I tu dochodzimy do teraźniejszości i niestety politycznych zagrywek. Zapewne prezydent Częstochowy Krzysztof Matyjaszczyk intensywnie myśli o zbliżających się wyborach samorządowych w 2018 roku. Pogłoska głosi, że poszedł „odgórny sygnał” na aktywne obudzenie klubu SAINTS. Są też ponoć tacy, co nie mogą doczekać się na nowy deszcz złotówek publicznych. Miejmy jednak nadzieję, że prezydent Matyjaszczyk nie chciałby „powtórki z rozrywki” z roku 2014, z innym klubem sportowym.

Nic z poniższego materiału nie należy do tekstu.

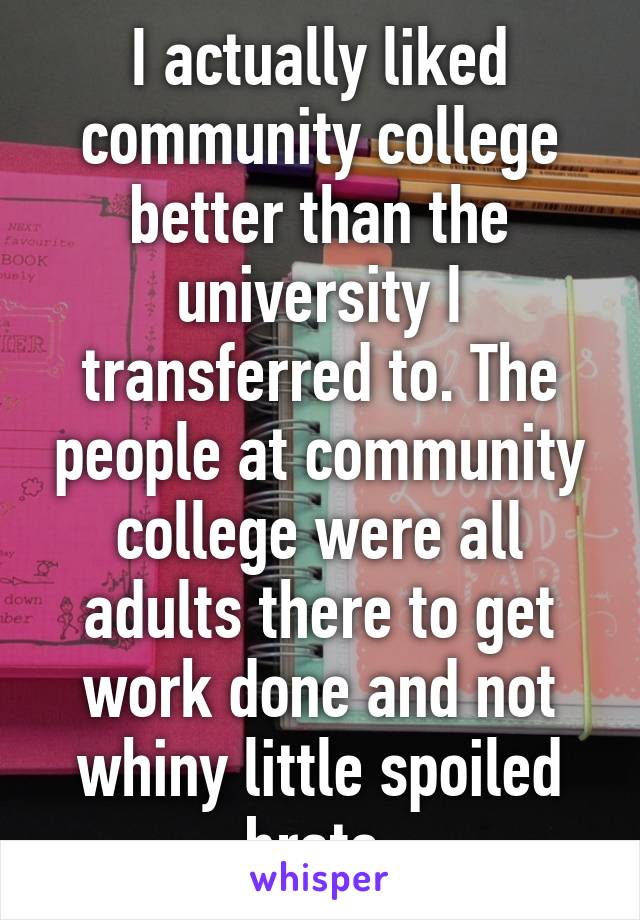 I actually liked community college better than the university I transferred to. The people at community college were all adults there to get work done and not whiny little spoiled brats.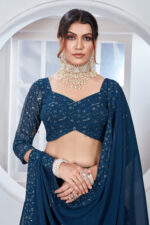 Dark Blue Color Faux Georgette Fabric Sequence Thread Work Lehenga Choli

By dochować rzetelności i obiektywizmu, o dotacje z miasta dla SAINTS CZĘSTOCHOWA zapytaliśmy magistrat.
 
Jakie od 2010 roku (od momentu powstania) klub sportowy SAINTS CZĘSTOCHOWA otrzymywał od Urzędu Miasta dotacje?
 „W latach 2011-2016 Klubowi Sportowemu Saints przyznano (na podstawie rozstrzygnięć otwartych konkursów ofert) dotacje na realizację nw. zadań publicznych z zakresu kultury fizycznej:
– Szkolenie sportowe dzieci i młodzieży (2012-2015),
– Udział w zawodach sportowych na wysokim poziomie współzawodnictwa (2011-2016),
– Imprezy sportowe rangi międzynarodowej i ogólnopolskiej (2013-2014),
– Przeciwdziałanie alkoholizmowi – organizacja pozalekcyjnych zajęć sportowych, jako element oddziaływań profilaktycznych (2013)
oraz na podstawie procedury pozakonkursowej – jedno zadanie: Festyn American Day (2013).
Przyznane dotacje – Wydział Kultury, Promocji i Sportu (niektóre zadania nie zostały zrealizowane, w przypadku niektórych wykonanie finansowe było mniejsze niż przyznana dotacja).

2011
9.500 zł (udział w zawodach sportowych na wysokim poziomie współzawodnictwa).

2012
18.000 zł, w tym 8.000 zł na udostępnienie obiektów Miejskiego Ośrodka Sportu i Rekreacji w Częstochowie na zajęcia treningowe (szkolenie sportowe dzieci i młodzieży); 
14.000 zł (udział w zawodach sportowych na wysokim poziomie współzawodnictwa).

2013
18.000 zł, w tym 8.000 zł na udostępnienie obiektów Miejskiego Ośrodka Sportu i Rekreacji w Częstochowie na zajęcia treningowe (szkolenie sportowe dzieci i młodzieży);
4.000 zł  (imprezy sportowe rangi międzynarodowej i ogólnopolskiej);
9.000 zł (udział w zawodach sportowych na wysokim poziomie współzawodnictwa);
7.500 zł (Festyn American Day);
1.500 zł (przeciwdziałanie alkoholizmowi – organizacja pozalekcyjnych zajęć sportowych, jako element oddziaływań profilaktycznych).

2014
61.500 zł, w tym 15.500 zł na udostępnienie obiektów Miejskiego Ośrodka Sportu i Rekreacji w Częstochowie na zajęcia treningowe (szkolenie sportowe dzieci i młodzieży); 
5.000 zł  (imprezy sportowe rangi międzynarodowej i ogólnopolskiej);
12.000 zł (udział w zawodach sportowych na wysokim poziomie współzawodnictwa).

2015
16.062 zł – klub podpisał umowę ostatecznie na taką kwotę dopiero na początku października; pierwotnie przyznana dotacja na szkolenie sportowe dzieci i młodzieży w wysokości 55.600 zł, w tym 13.000 zł na udostępnienie obiektów Miejskiego Ośrodka Sportu i Rekreacji w Częstochowie na zajęcia treningowe, 
3.467 zł – klub podpisał umowę ostatecznie na taką kwotę dopiero na początku października – pierwotnie przyznane zostało 12.000 zł na udział w zawodach sportowych na wysokim poziomie współzawodnictwa.

2016
Klub nie podpisał umowy dotacyjnej z miastem dotyczącej kwoty 10.000 zł przyznanej w postępowaniu (udział w zawodach sportowych na wysokim poziomie współzawodnictwa).”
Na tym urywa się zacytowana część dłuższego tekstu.